Restate the data below word for word, and let no image into your version.

• Dataset section
▽

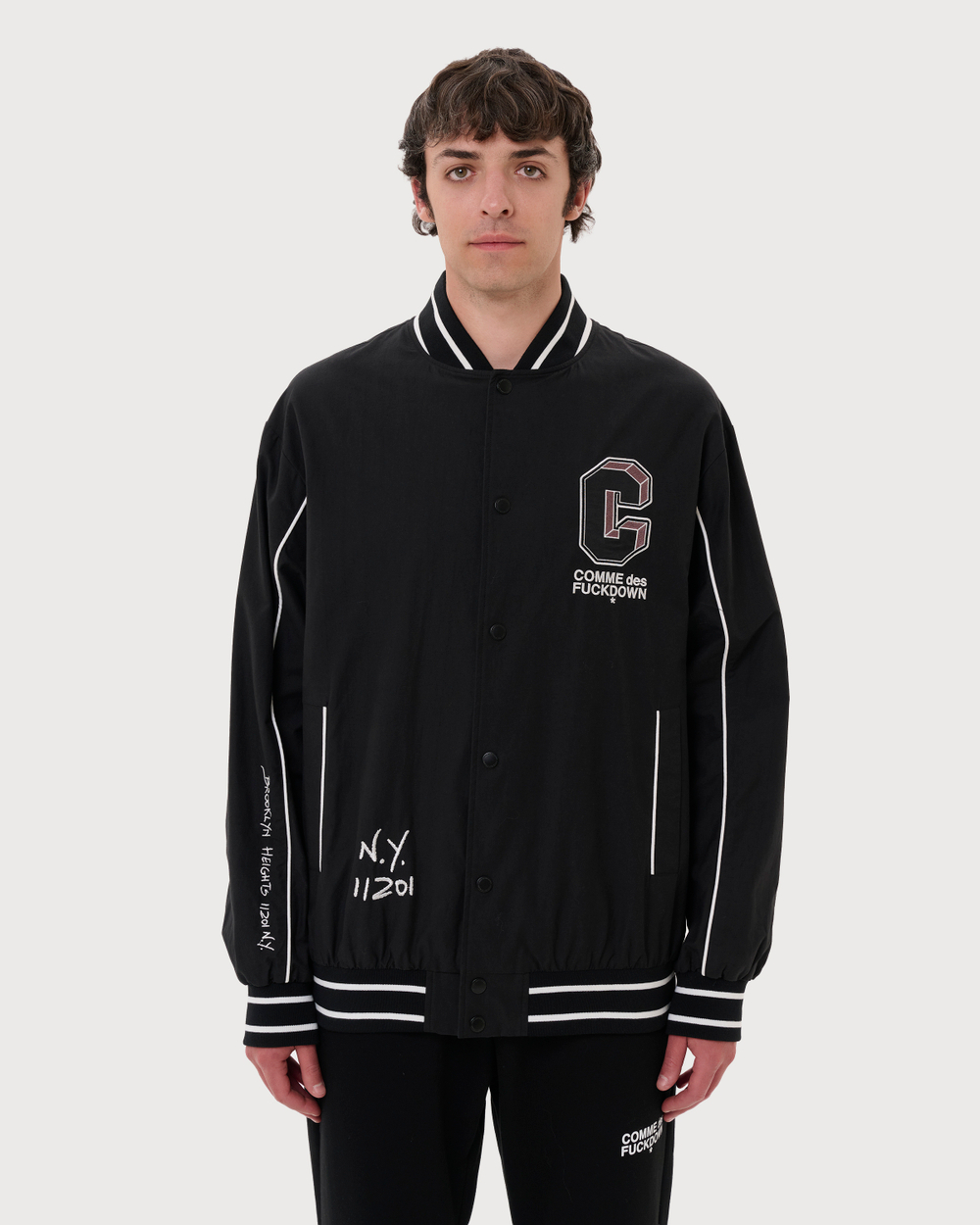 COMME DES FUCKDOWN БОМБЕР ЧЕРНЫЙ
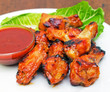 Plate of Buffalo Chicken Wings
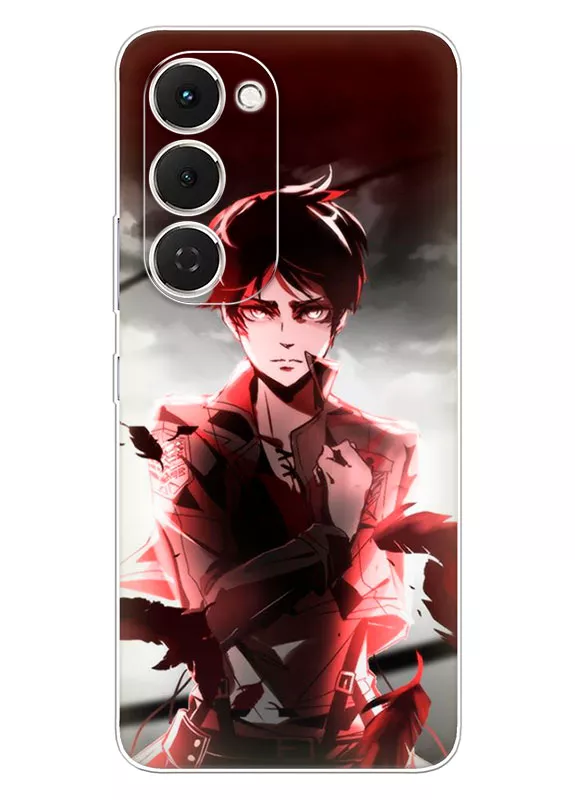 Tecno Spark 40 Pro+ чехол - Атака на титанов Attack on Titan кровавый взгляд Эрена Йегера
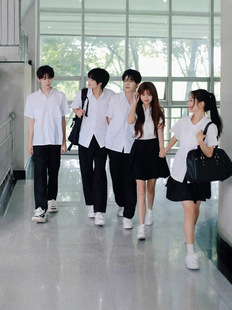 Japanese Campus College Style Student Clothing Trousers DK suit Straight Leg Pants Black Boys Korean Class Suit Pants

△

• Solution to this task
 COMME DES FUCKDOWN БОМБЕР ЧЕРНЫЙ
 Plate of Buffalo Chicken Wings
 Tecno Spark 40 Pro+ чехол - Атака на титанов Attack on Titan кровавый взгляд Эрена Йегера
 Japanese Campus College Style Student Clothing Trousers DK suit Straight Leg Pants Black Boys Korean Class Suit Pants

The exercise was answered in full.